(Web page caption snippets)
##############################
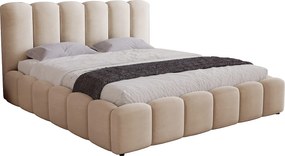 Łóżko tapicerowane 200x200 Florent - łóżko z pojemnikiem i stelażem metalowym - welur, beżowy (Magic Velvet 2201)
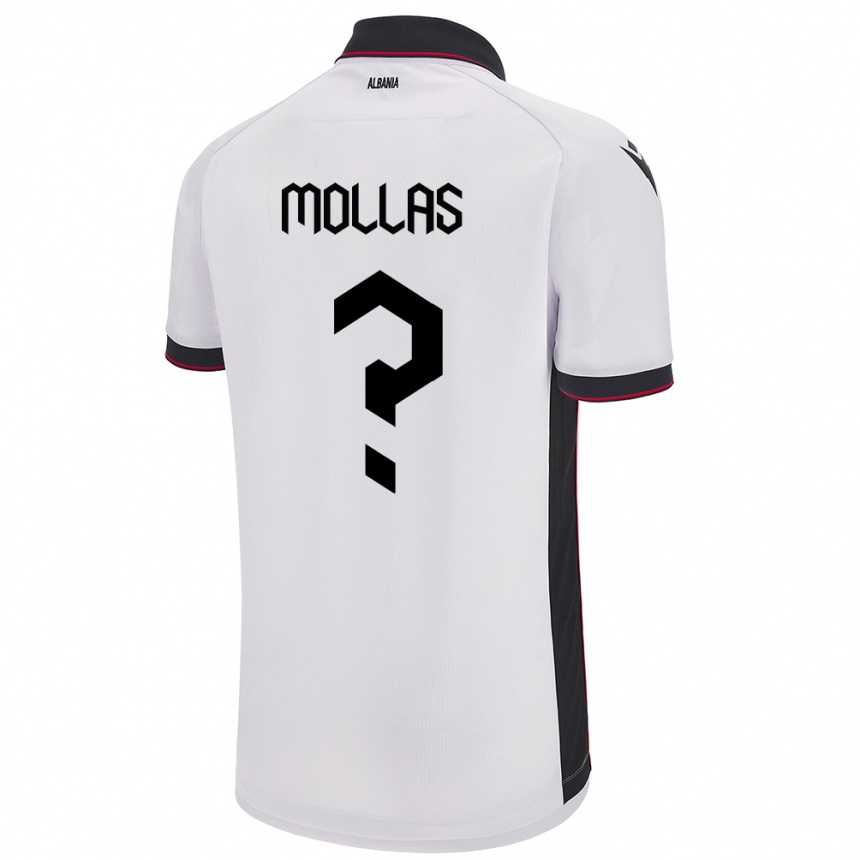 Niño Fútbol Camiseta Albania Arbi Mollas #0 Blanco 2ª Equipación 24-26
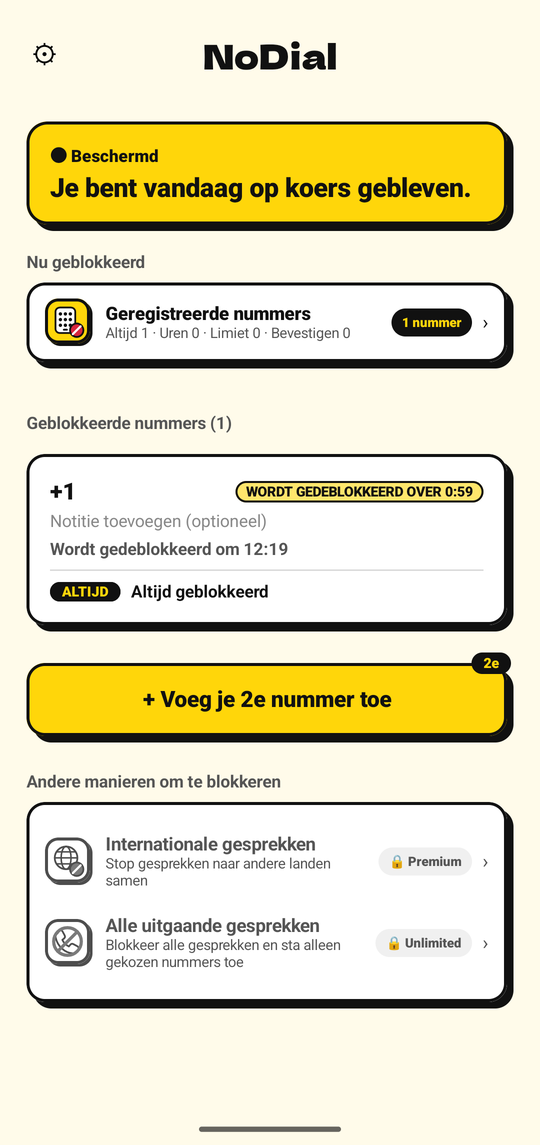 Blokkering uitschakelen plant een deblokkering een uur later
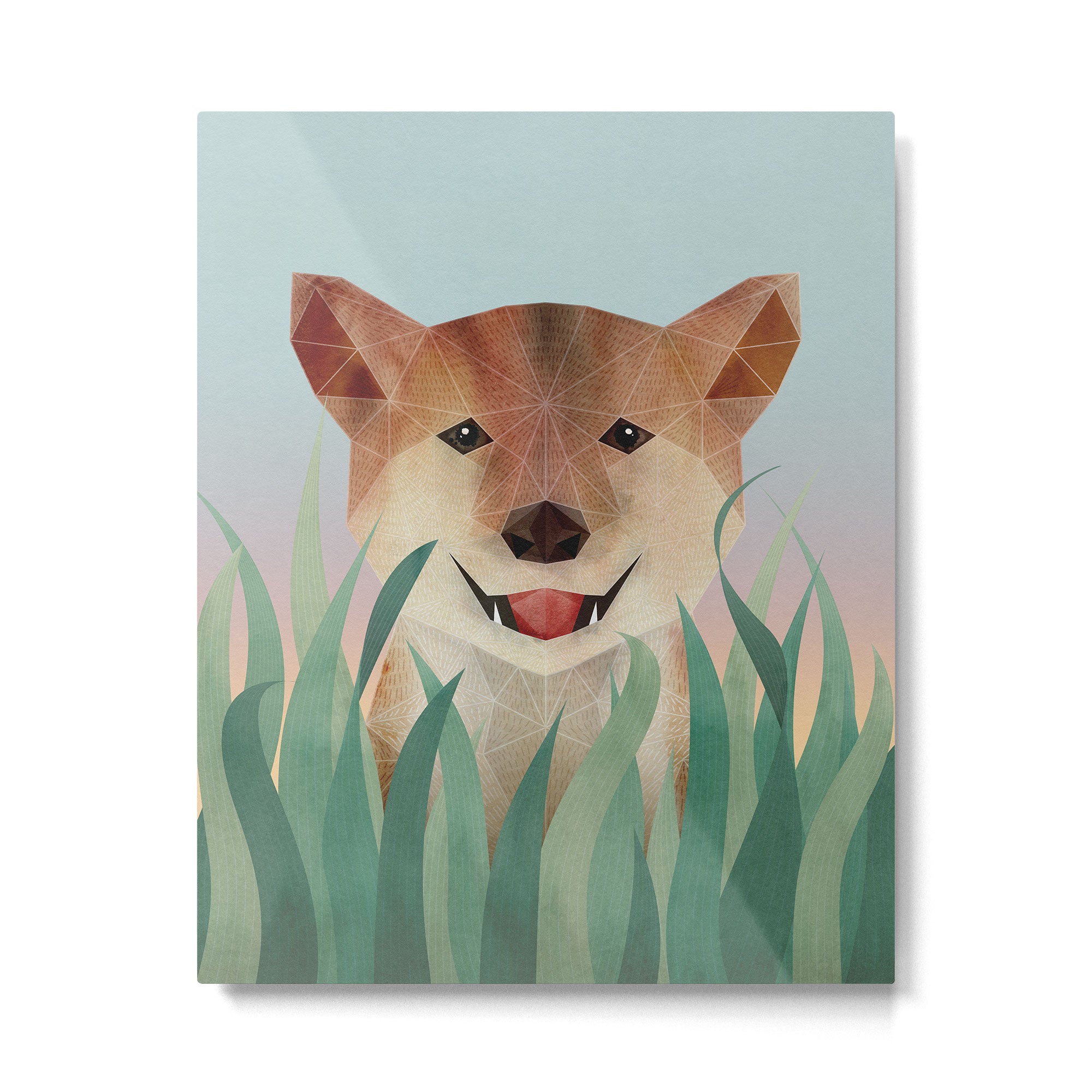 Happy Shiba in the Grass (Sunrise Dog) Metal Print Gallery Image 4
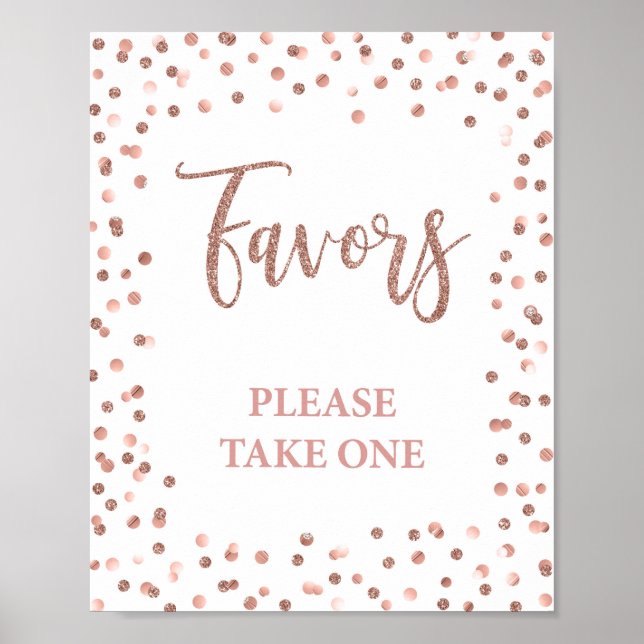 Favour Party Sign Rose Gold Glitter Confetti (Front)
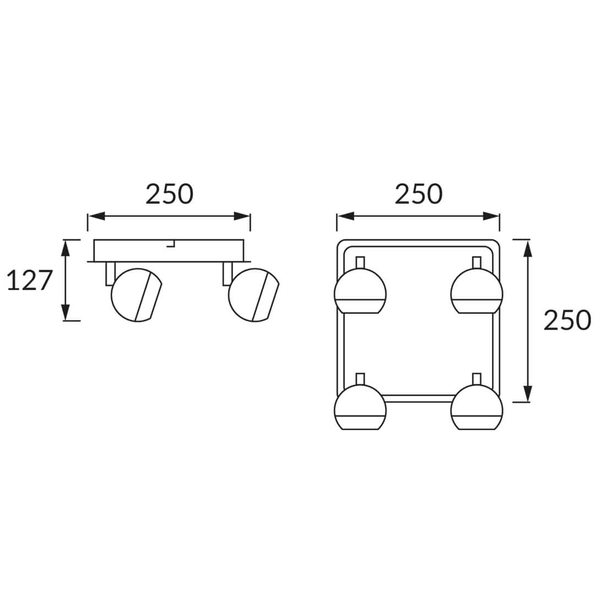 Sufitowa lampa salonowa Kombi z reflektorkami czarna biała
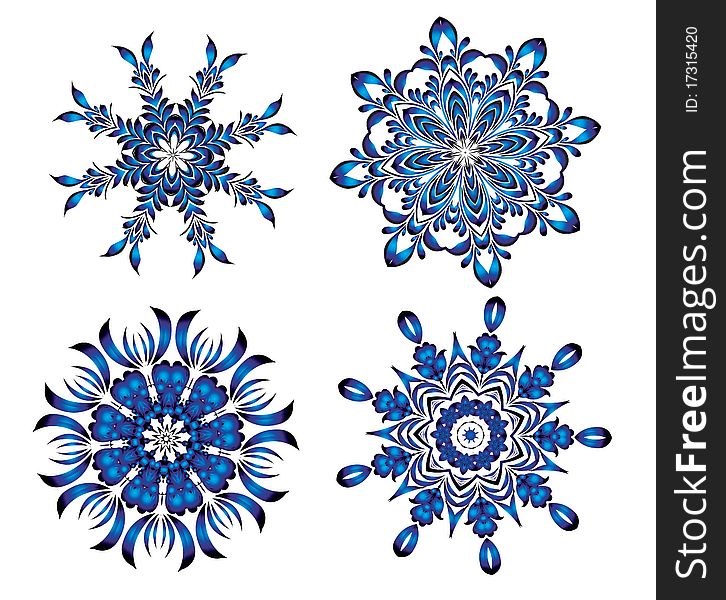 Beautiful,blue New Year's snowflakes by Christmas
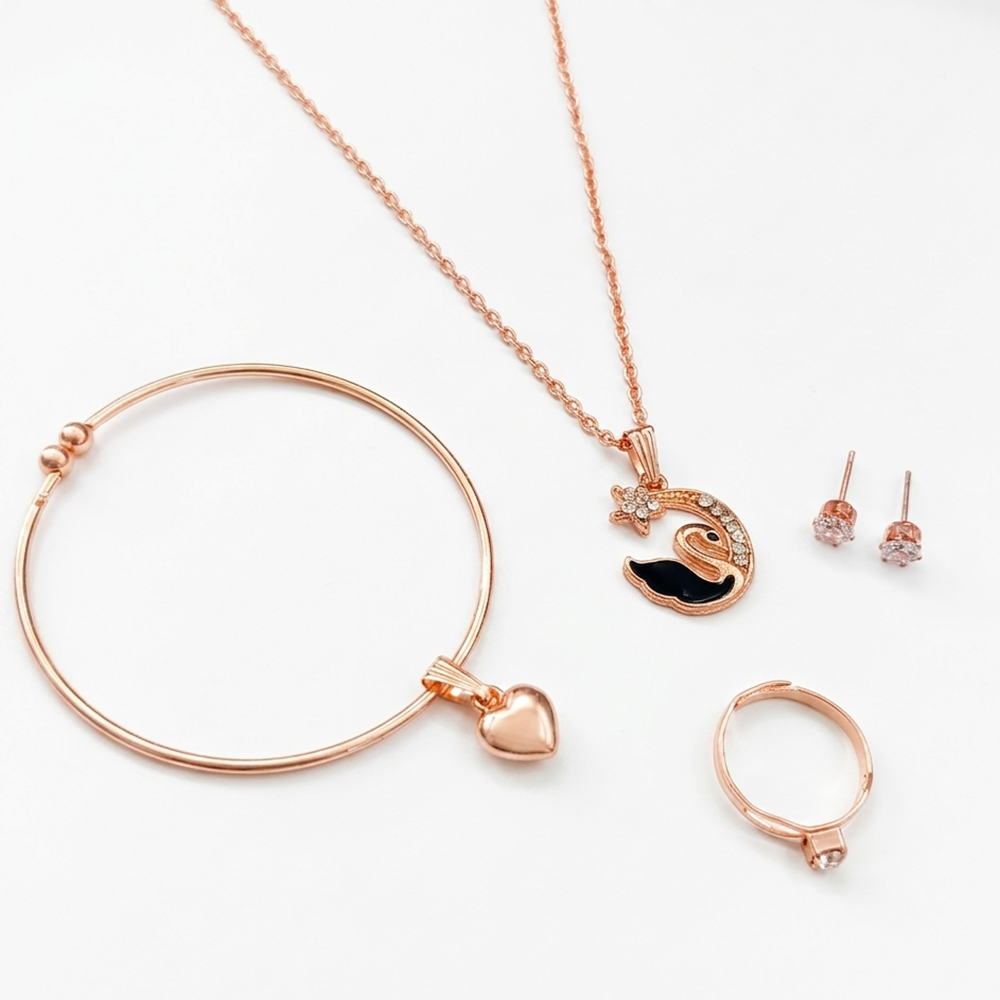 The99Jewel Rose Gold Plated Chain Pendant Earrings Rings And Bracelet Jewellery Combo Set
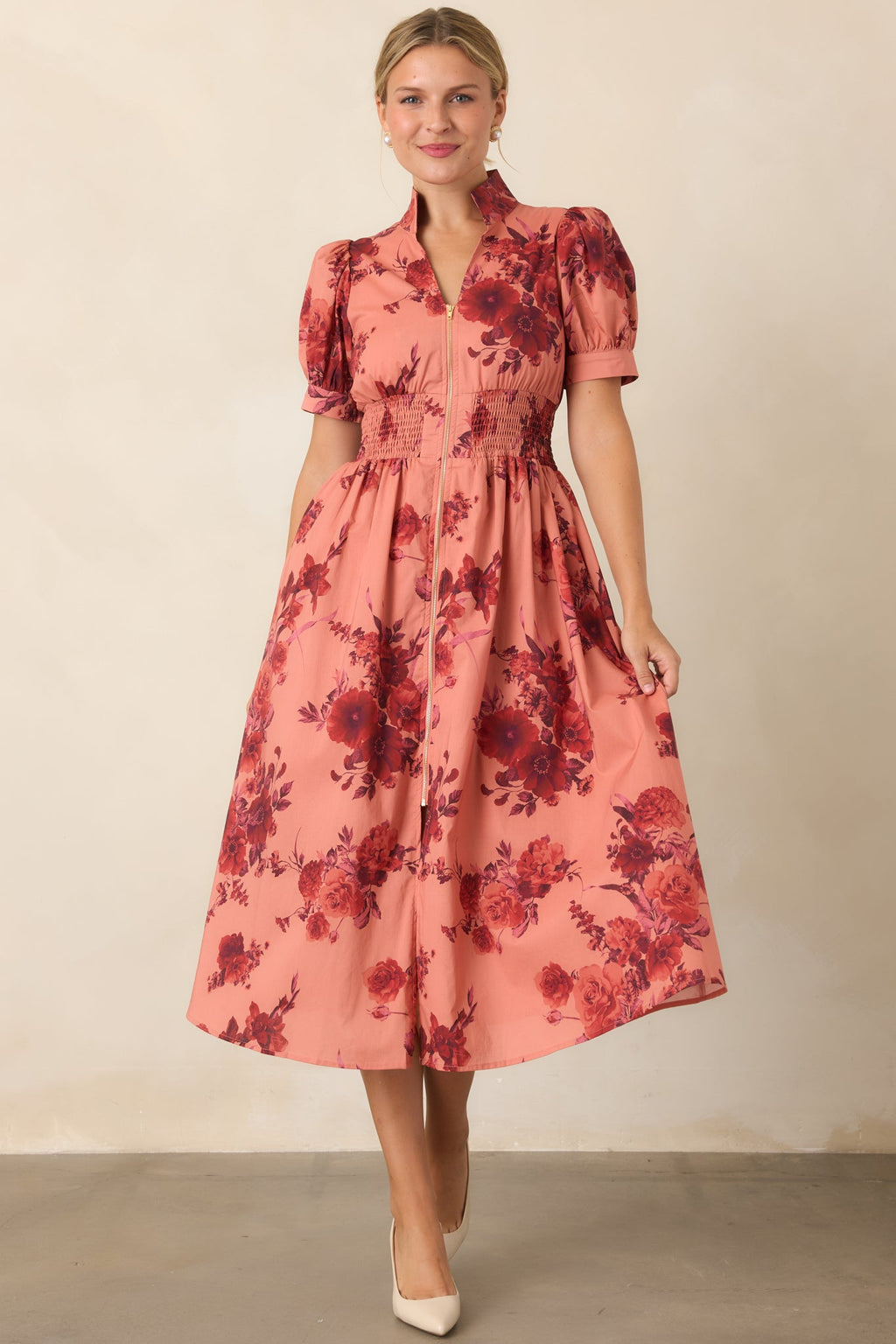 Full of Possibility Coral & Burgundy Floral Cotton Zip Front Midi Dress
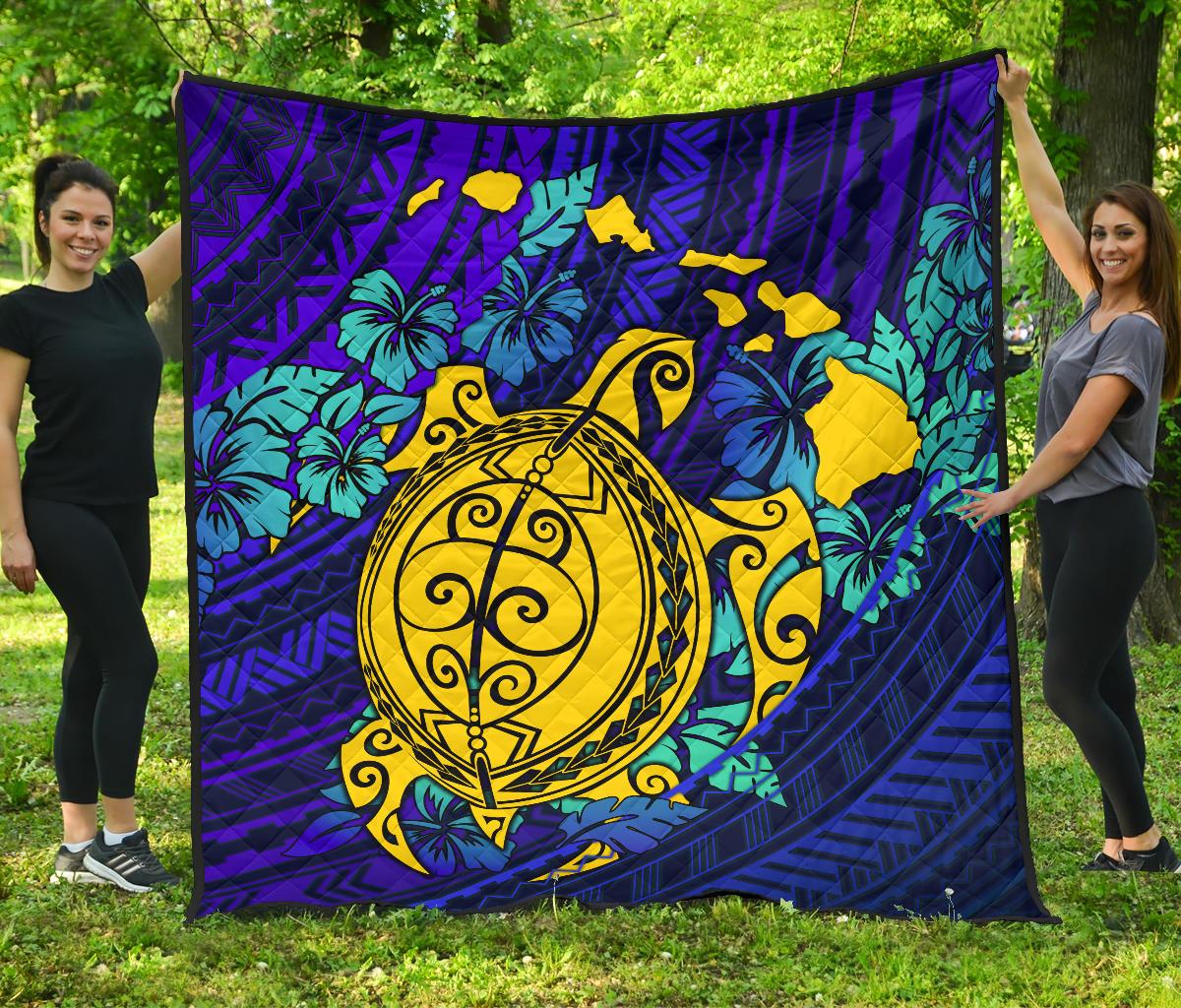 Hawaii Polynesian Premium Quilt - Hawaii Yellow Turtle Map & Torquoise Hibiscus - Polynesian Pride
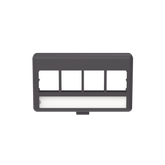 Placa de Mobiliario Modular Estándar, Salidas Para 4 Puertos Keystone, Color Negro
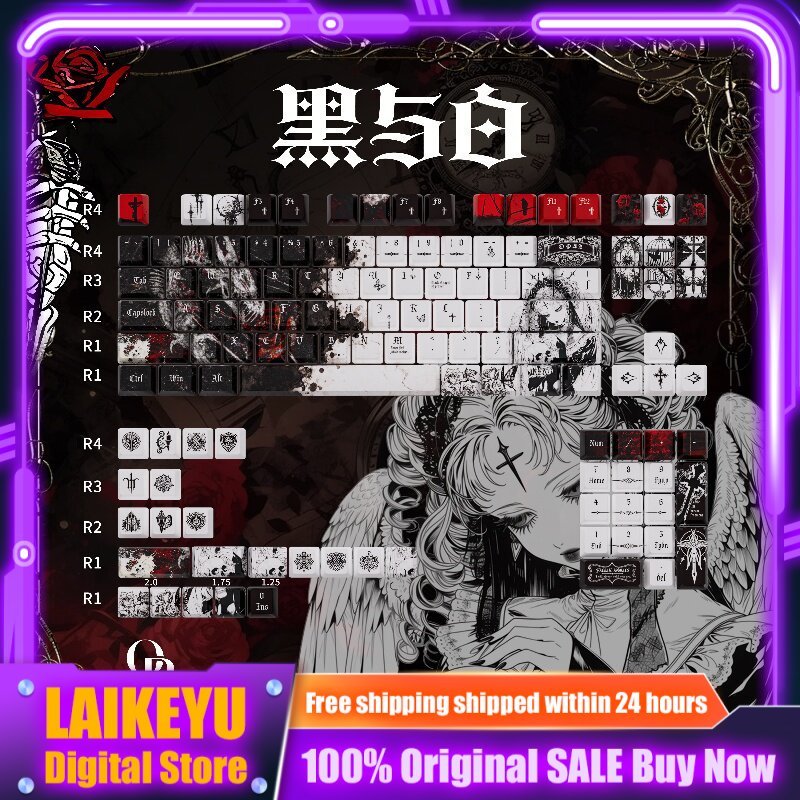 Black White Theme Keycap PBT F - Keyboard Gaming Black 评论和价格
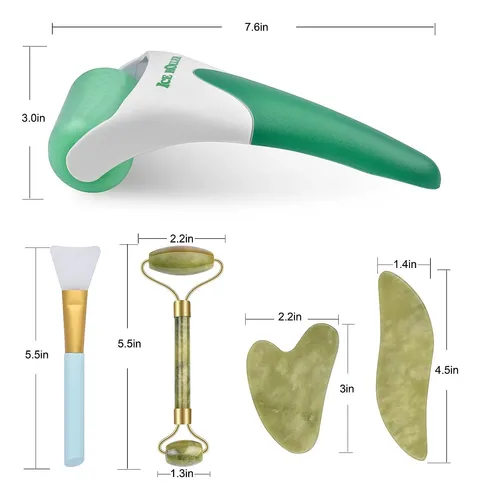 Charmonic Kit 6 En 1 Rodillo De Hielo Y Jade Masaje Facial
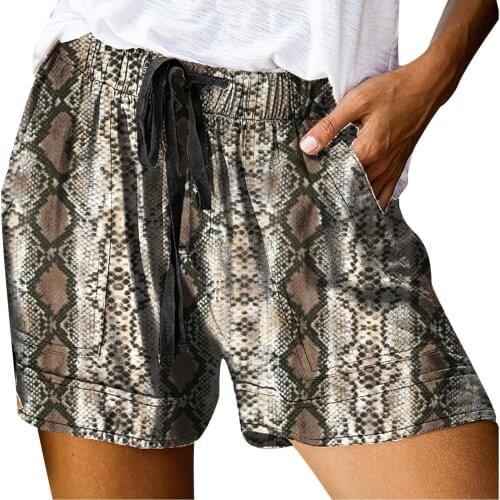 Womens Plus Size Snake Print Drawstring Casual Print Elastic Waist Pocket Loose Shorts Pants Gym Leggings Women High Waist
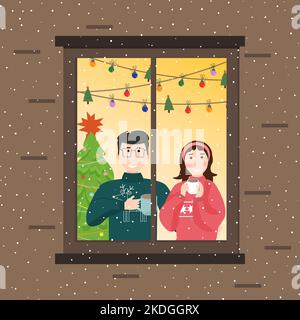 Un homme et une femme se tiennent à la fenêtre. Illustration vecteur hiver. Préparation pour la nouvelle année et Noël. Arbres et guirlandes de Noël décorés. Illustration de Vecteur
##############################
◆ **Task**:
When you find the line that contains "Beautiful,blue New Year's", retype it and every line after it through the end of the data above, exactly, with no pictures.

◆ **Task response**:
 Beautiful,blue New Year's snowflakes by Christmas
 The99Jewel Rose Gold Plated Chain Pendant Earrings Rings And Bracelet Jewellery Combo Set
 Full of Possibility Coral & Burgundy Floral Cotton Zip Front Midi Dress
 Hawaii Polynesian Premium Quilt - Hawaii Yellow Turtle Map & Torquoise Hibiscus - Polynesian Pride
 Placa de Mobiliario Modular Estándar, Salidas Para 4 Puertos Keystone, Color Negro
 Black White Theme Keycap PBT F - Keyboard Gaming Black 评论和价格
 Charmonic Kit 6 En 1 Rodillo De Hielo Y Jade Masaje Facial
 Womens Plus Size Snake Print Drawstring Casual Print Elastic Waist Pocket Loose Shorts Pants Gym Leggings Women High Waist
 Un homme et une femme se tiennent à la fenêtre. Illustration vecteur hiver. Préparation pour la nouvelle année et Noël. Arbres et guirlandes de Noël décorés. Illustration de Vecteur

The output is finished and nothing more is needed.